** What the exercise asks **
Set the listing down exactly; no pictures.

** Material provided **
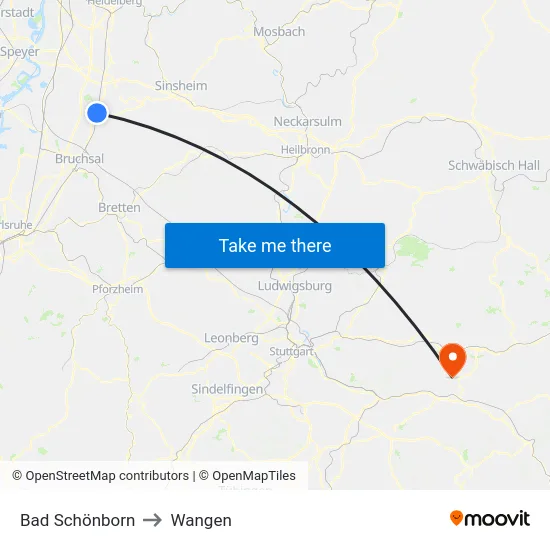 Bad Schönborn to Wangen map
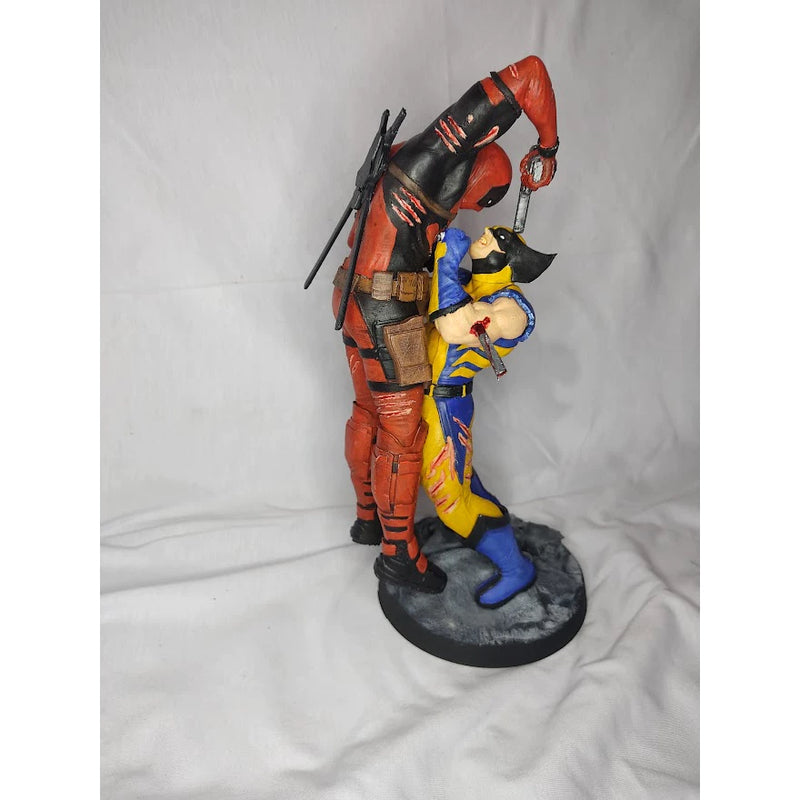 Diorama wolverine x deadpool action figure estátua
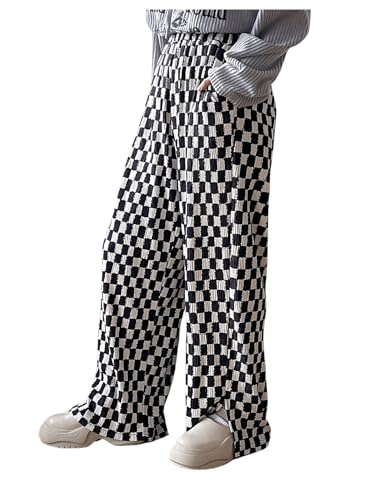 OYOANGLE Women's Plaid Print Elastic High Waisted Wide Leg Long Pants Y2k Baggy Trousers with Pockets
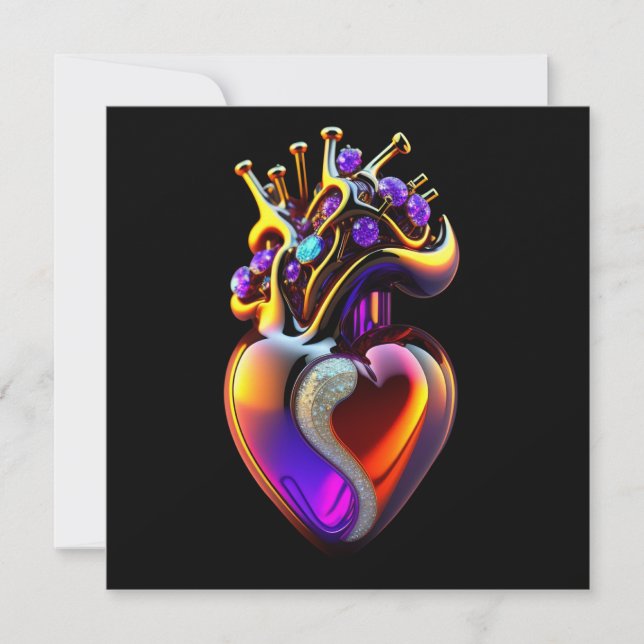 Iridescent Glass Heart Valentine Karte (Vorderseite)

** Answer for this exercise **
 Bad Schönborn to Wangen map
 Diorama wolverine x deadpool action figure estátua
 OYOANGLE Women's Plaid Print Elastic High Waisted Wide Leg Long Pants Y2k Baggy Trousers with Pockets
 Iridescent Glass Heart Valentine Karte (Vorderseite)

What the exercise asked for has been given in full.